**TASK TO CARRY OUT**
With pictures excluded, give again exactly the lines running from the one holding "30 day weight" through the end of the listing below.

**DATASET SECTION**
┏━━
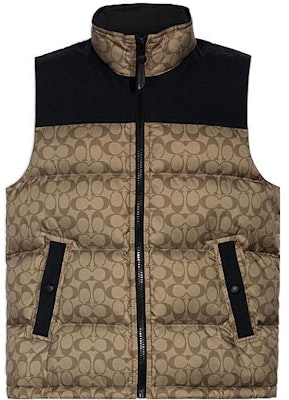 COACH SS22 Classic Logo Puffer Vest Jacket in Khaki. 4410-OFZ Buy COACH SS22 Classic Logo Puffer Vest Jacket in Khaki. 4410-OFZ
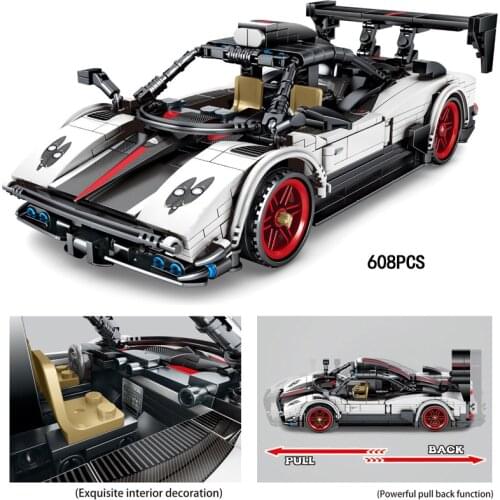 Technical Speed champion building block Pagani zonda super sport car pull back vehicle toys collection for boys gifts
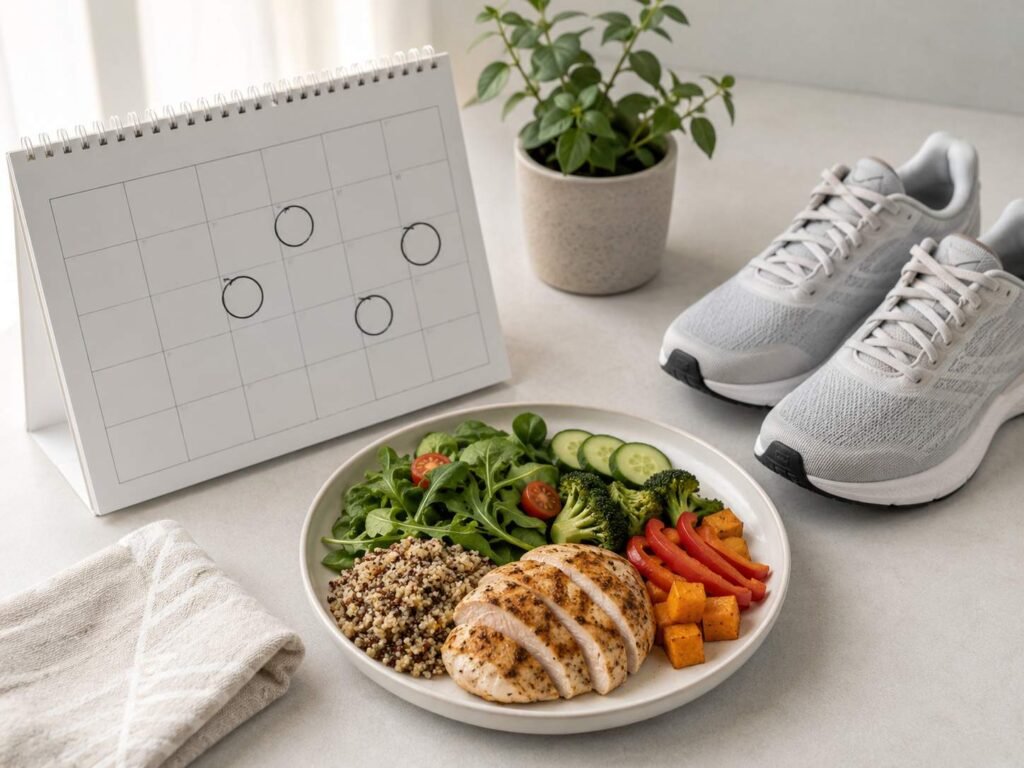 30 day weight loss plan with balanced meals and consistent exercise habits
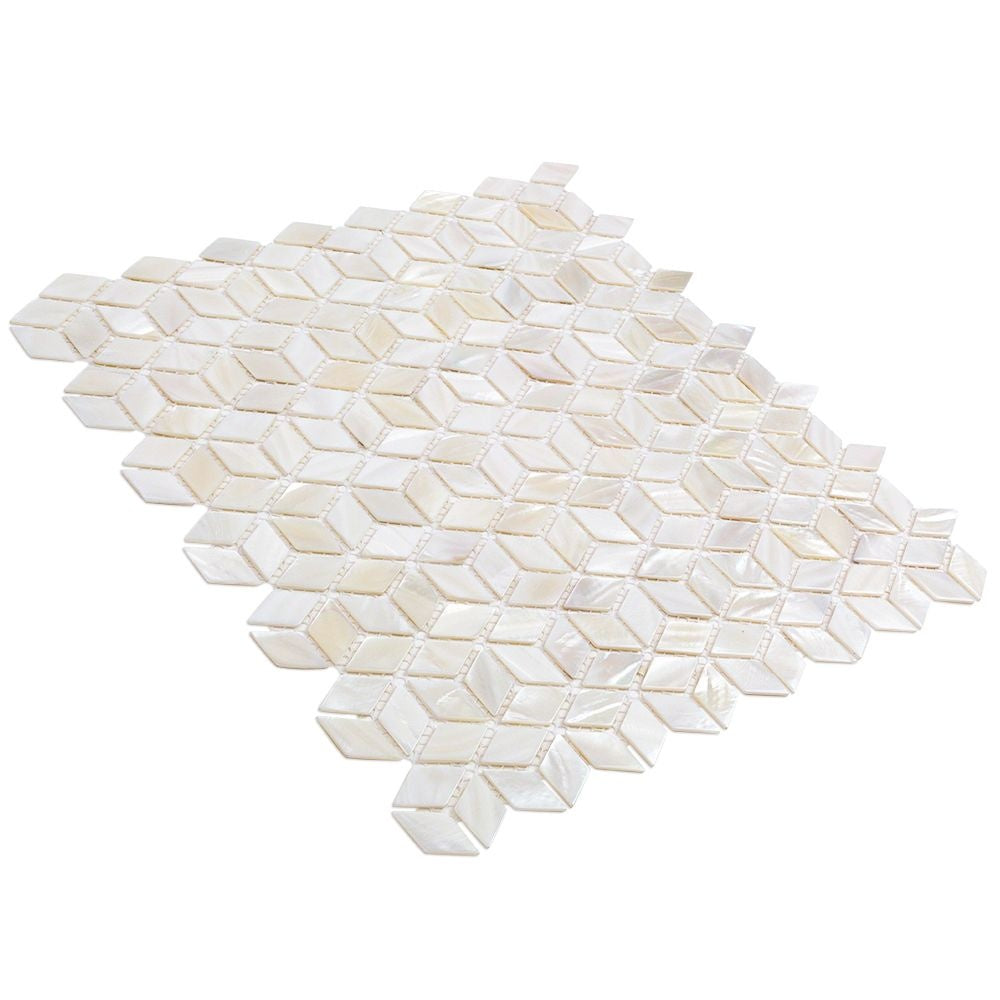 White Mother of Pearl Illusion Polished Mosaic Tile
┗━━
**RESPONSE TO THIS EXERCISE**
 30 day weight loss plan with balanced meals and consistent exercise habits
 White Mother of Pearl Illusion Polished Mosaic Tile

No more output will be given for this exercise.